DIRECTIONS FOR THIS TASK -
Exactly the lines from the one containing "mix Белокуриха" through the one containing "Risorse Photoshop - set" in the listing below are to be copied, with the pictures left out.

DATA PROVIDED -
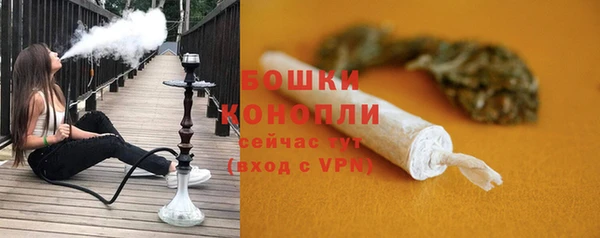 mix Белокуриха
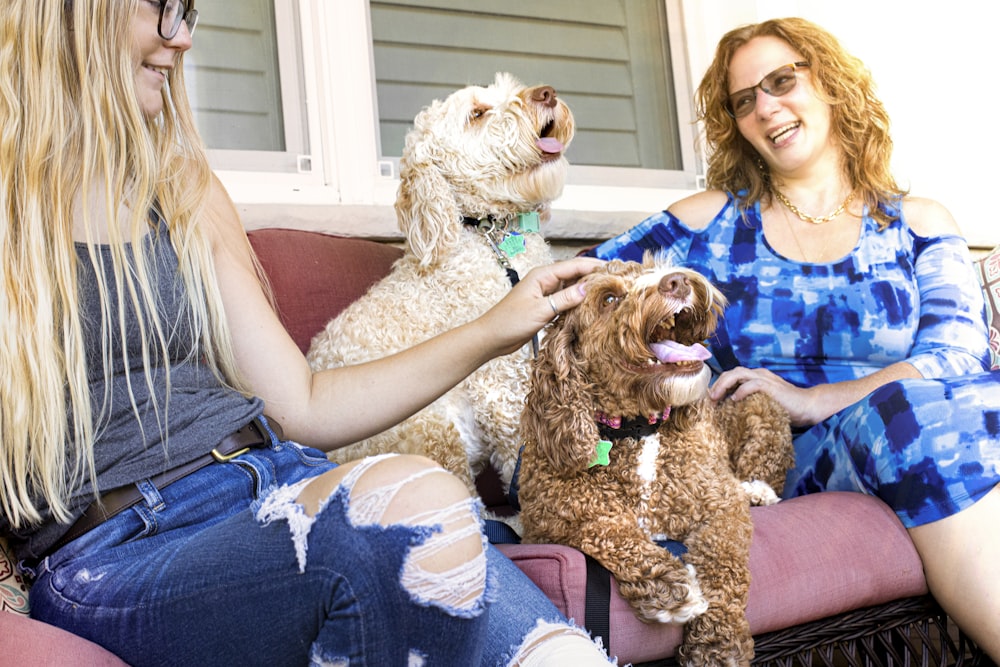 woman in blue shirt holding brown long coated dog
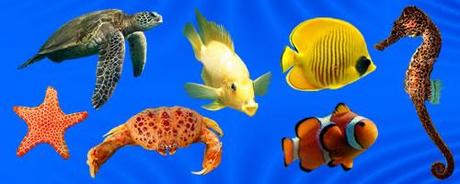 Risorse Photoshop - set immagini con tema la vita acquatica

---

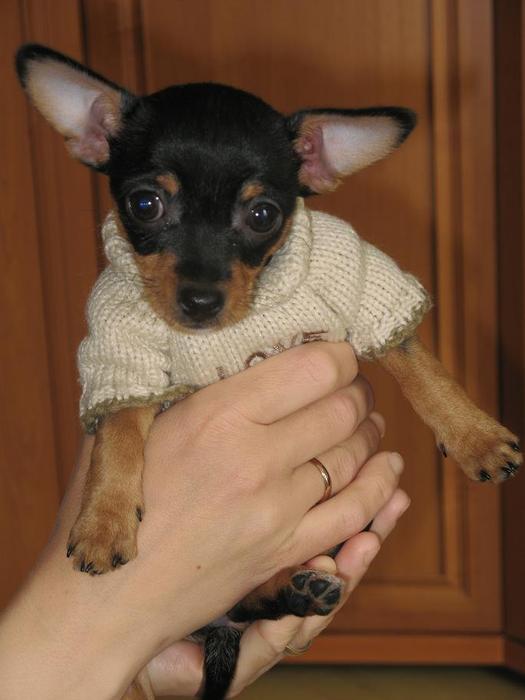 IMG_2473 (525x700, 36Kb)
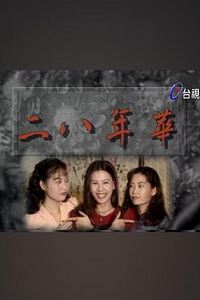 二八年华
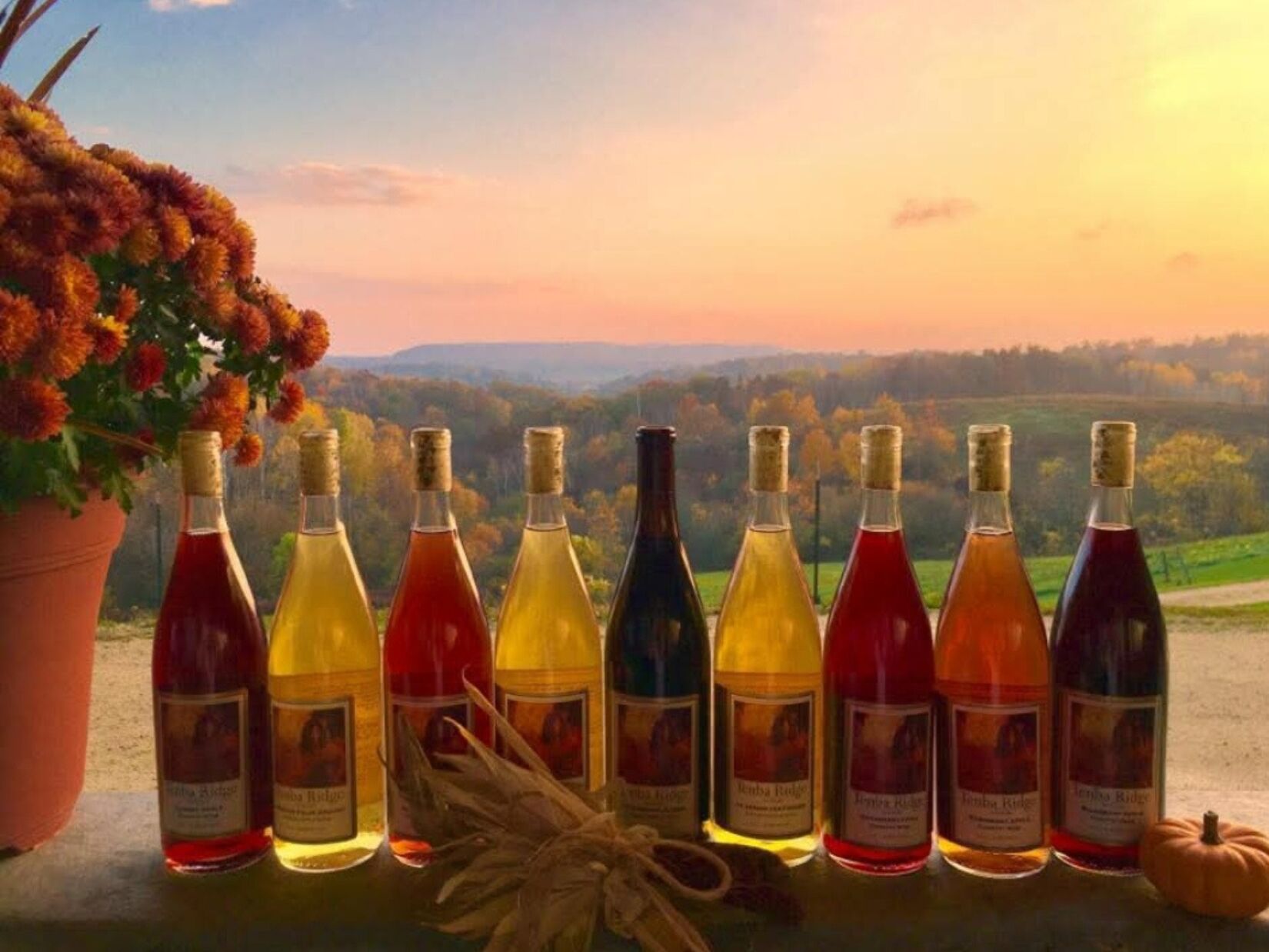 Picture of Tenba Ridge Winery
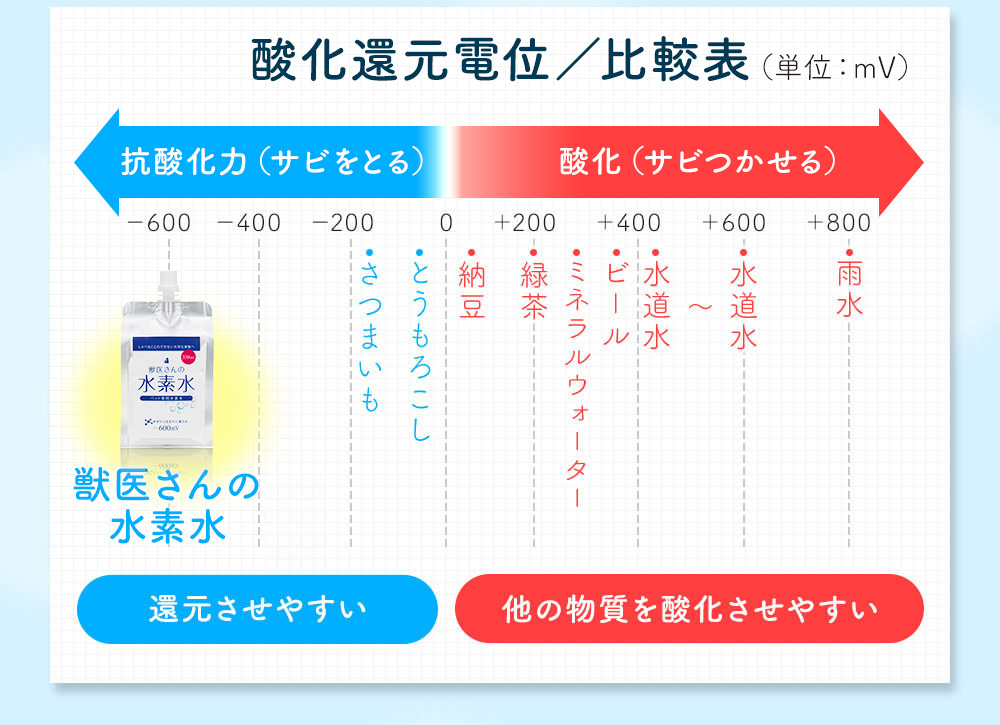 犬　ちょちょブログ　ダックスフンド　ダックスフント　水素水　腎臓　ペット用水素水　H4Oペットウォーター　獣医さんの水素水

WORKED SOLUTION -
 mix Белокуриха
 woman in blue shirt holding brown long coated dog
 Risorse Photoshop - set immagini con tema la vita acquatica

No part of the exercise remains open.